PROBLEM STATEMENT: In the records below, find the line with "Lace Leaf necklace in dipped 24k gold.", then copy each line exactly until you have copied the line with "Trumpet/Mermaid Long Sleeves". Leave any picture out.

[Brief descriptive captions]
■ ■ ■

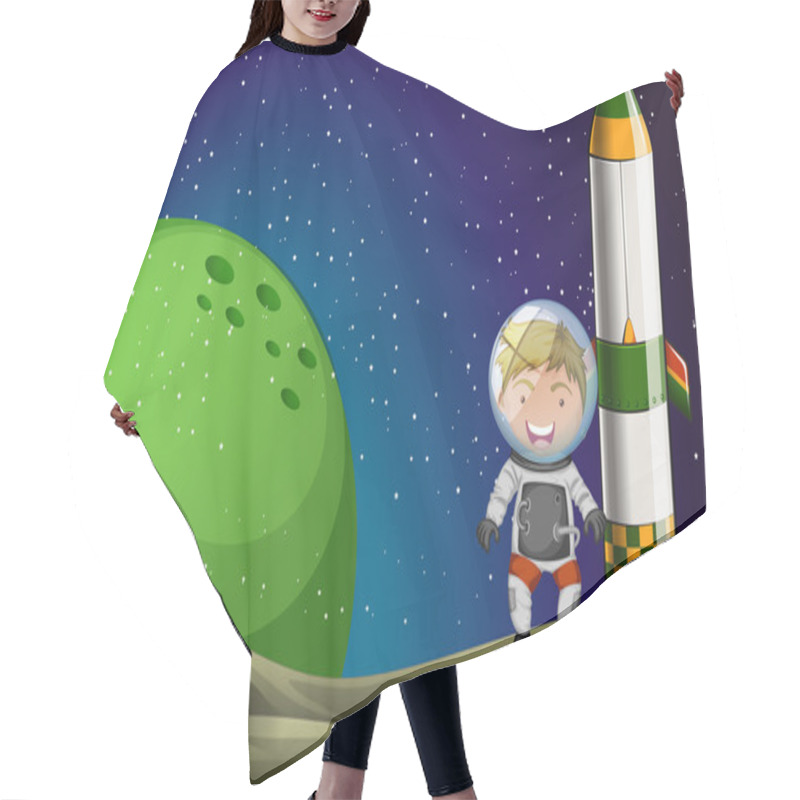 Personality  A Man In The Space Standing Beside The Rocket Hair Cutting Cape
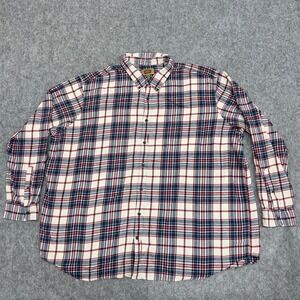 Foundry Shirt Mens 4XLT Tall Blue Beige Plaid Button Down Preppy Classic Casual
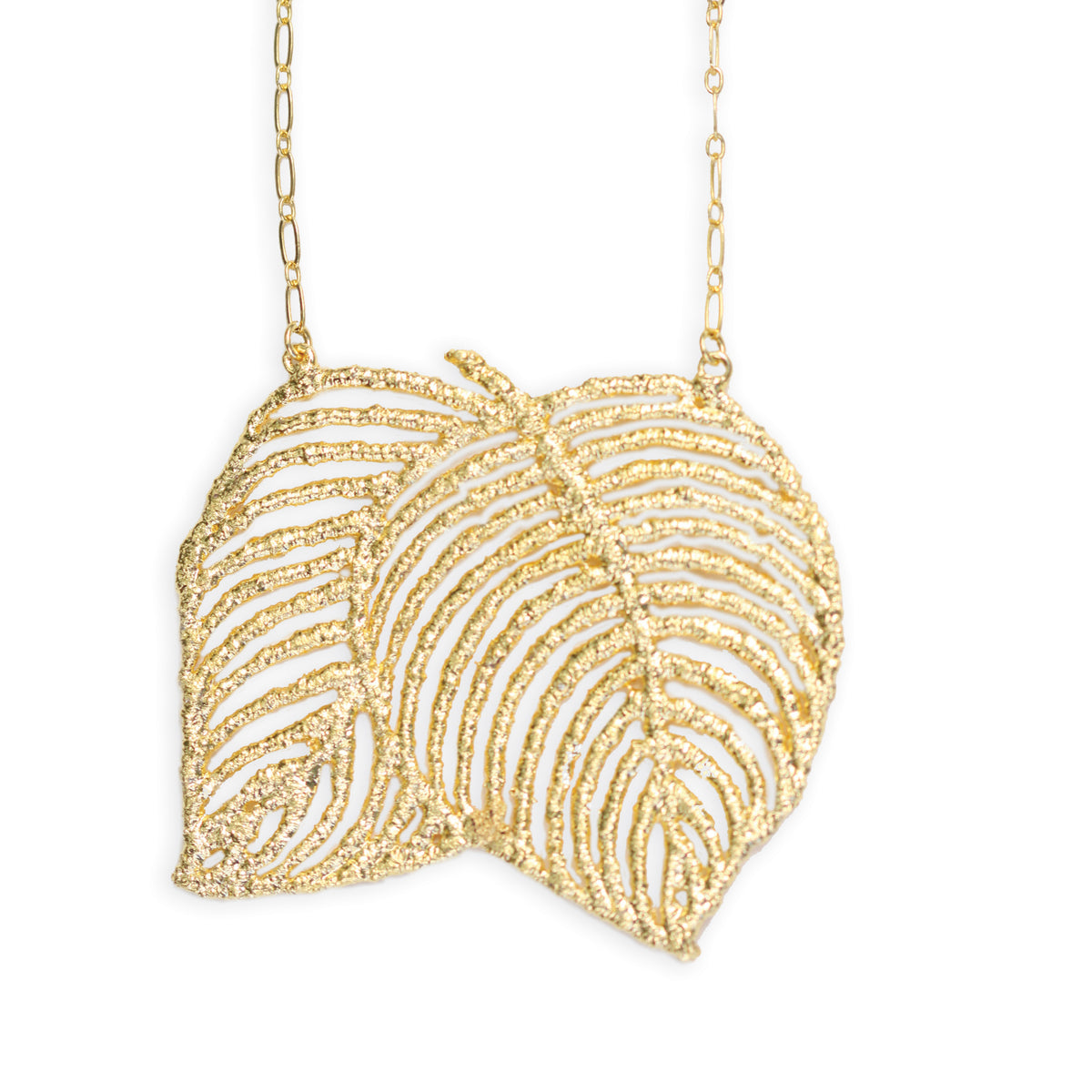 Lace Leaf necklace in dipped 24k gold.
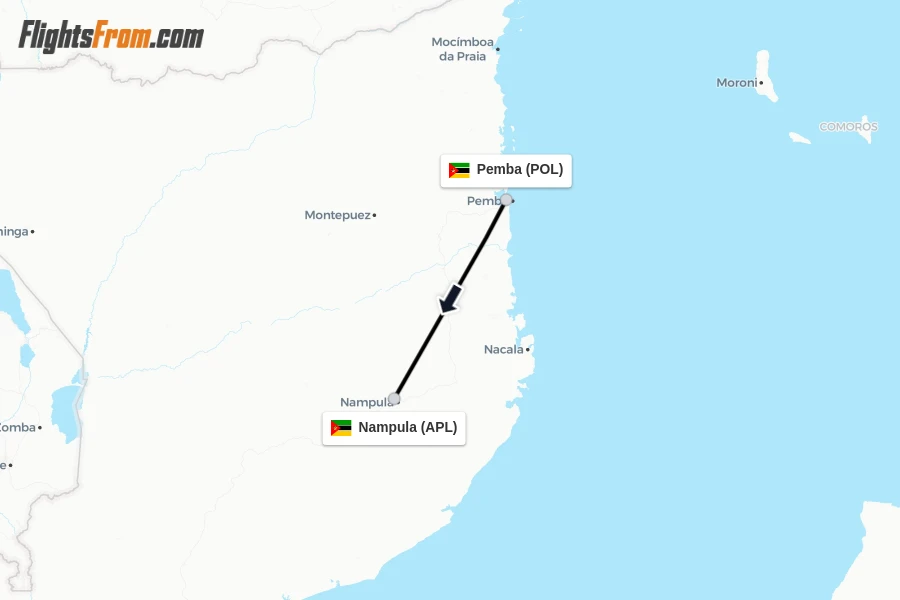 Flights from Pemba to Nampula route map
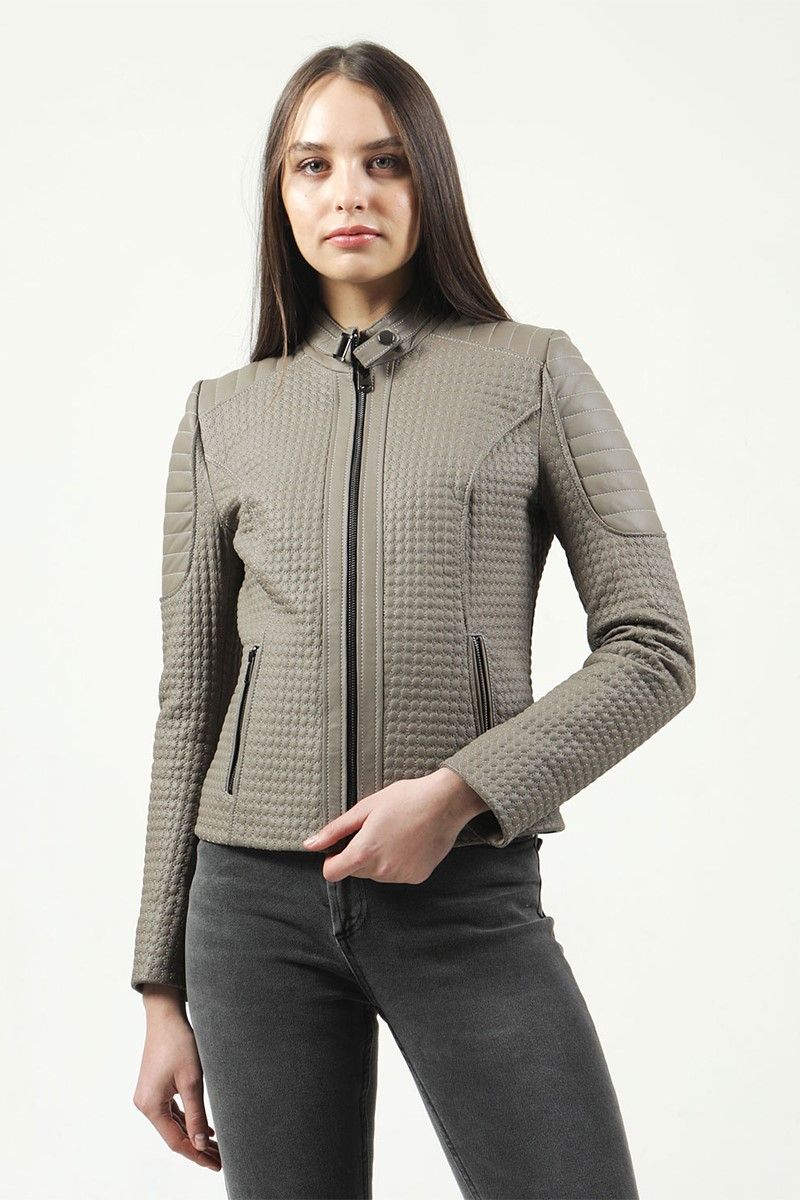 Women's Real Leather Jacket - Khaki #319293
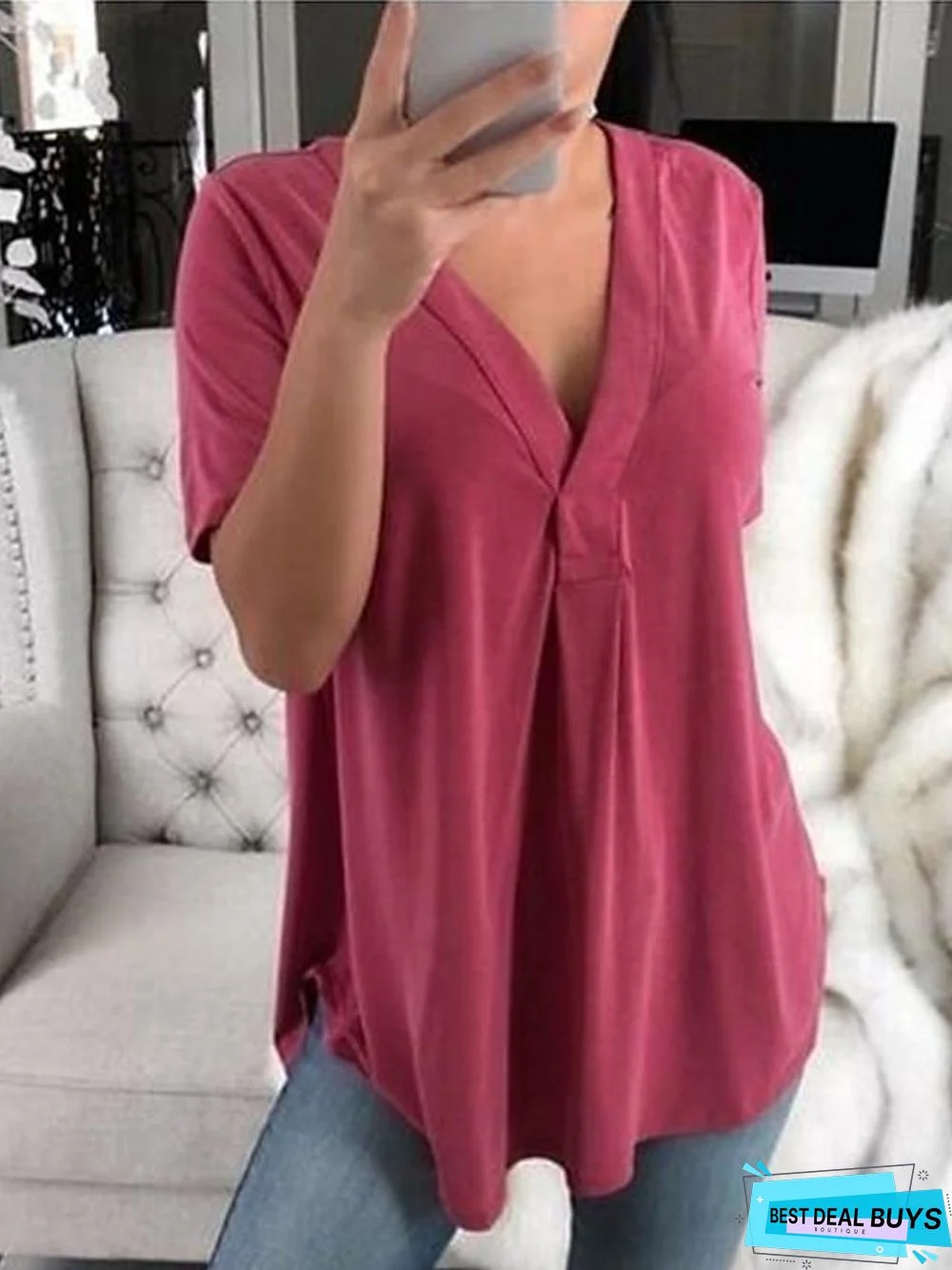 Women's T-Shirt Solid Colored Plain V Neck Tops Loose Basic Top White Black Purple-0203827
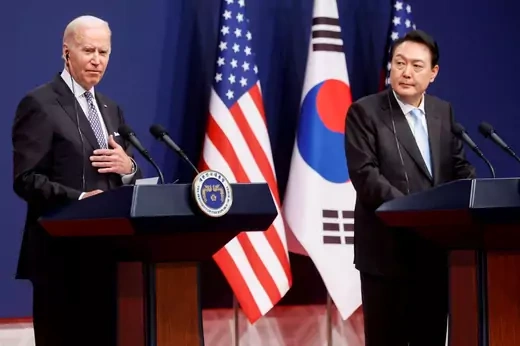 U.S. President Joe Biden and his South Korean counterpart Yoon Suk-youl hold a joint news conference at the People's House in Seoul, South Korea, May 21, 2022. 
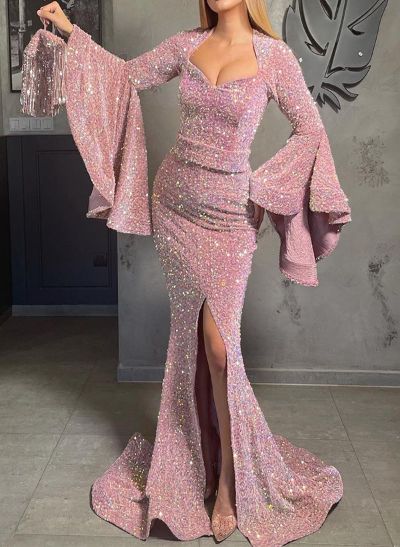 Trumpet/Mermaid Long Sleeves Sweep Train Sequined Prom Dresses With Split Front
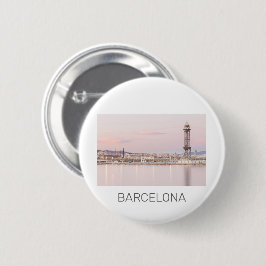 Barcelona Skyline Sunset Catalanonia Spanien Knapp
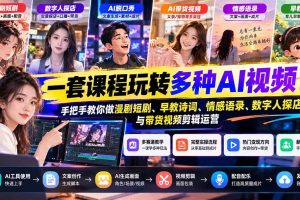 (21271期)【无水印】一套课程玩转多种AI视频!手把手教你做漫剧短剧、早教诗词、情感语录、数字人探店与带货视频剪辑运营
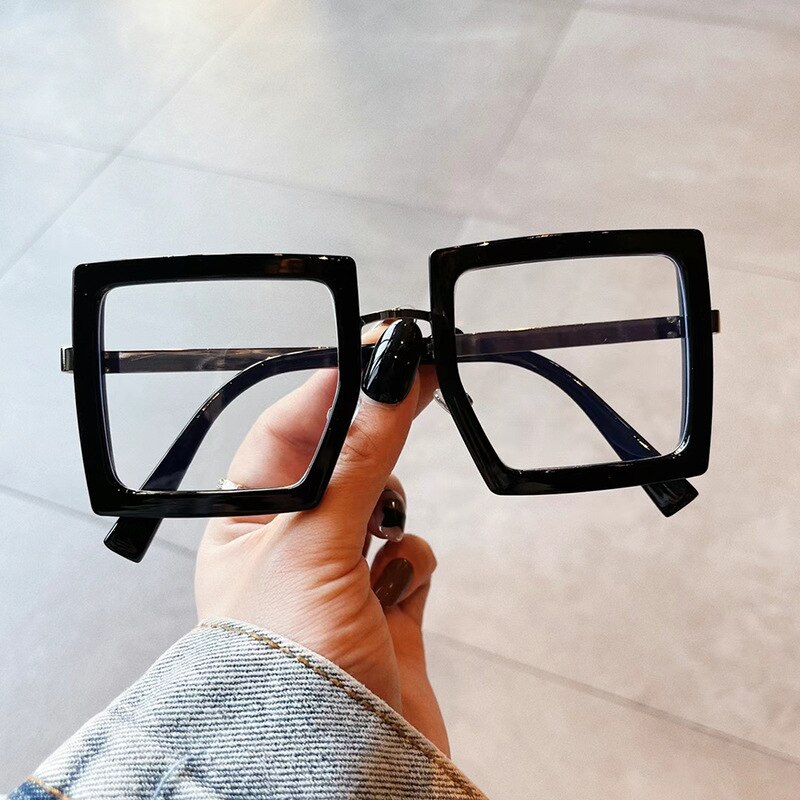 Lunettes carrées transparentes léopard pour femmes, monture de lunettes, classiques, Vintage, surdimensionnées, claires, à la ,: Black
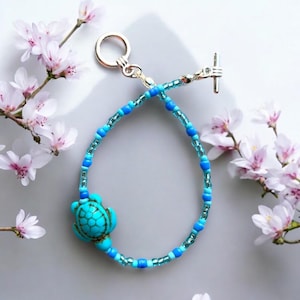 Turquoise Turtle  and Glass Seed Beads Bracelet, Handmade Ocean Jewellery, Beach Summer Boho Style, Silver Plated Toggle Clasp, Gift for Her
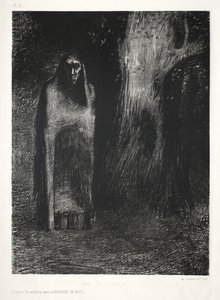 The Night: The Man Was Alone in a Night Landscape, 1886. av Odilon Redon Lemercier and Cie.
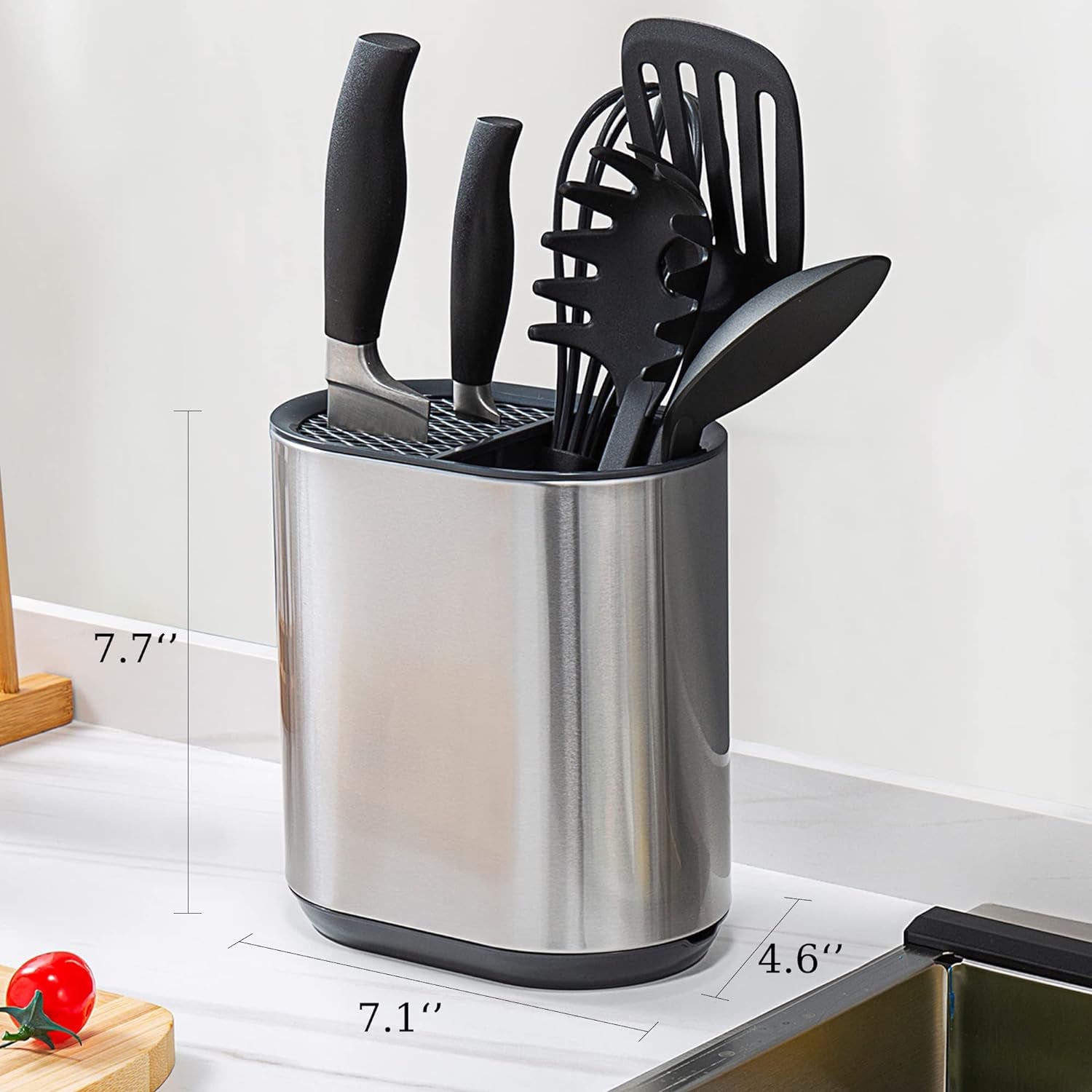 Stainless Steel and Plastic Knifes Holder, Universal Knife Holder without Knifes, Knifes Holder with Separate Compartment, 7.1X4.6X7.7 Inches, Silver Gray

■ ■ ■

YOUR SOLUTION:
 Lace Leaf necklace in dipped 24k gold.
 Flights from Pemba to Nampula route map
 Women's Real Leather Jacket - Khaki #319293
 Women's T-Shirt Solid Colored Plain V Neck Tops Loose Basic Top White Black Purple-0203827
 U.S. President Joe Biden and his South Korean counterpart Yoon Suk-youl hold a joint news conference at the People's House in Seoul, South Korea, May 21, 2022. 
 Trumpet/Mermaid Long Sleeves Sweep Train Sequined Prom Dresses With Split Front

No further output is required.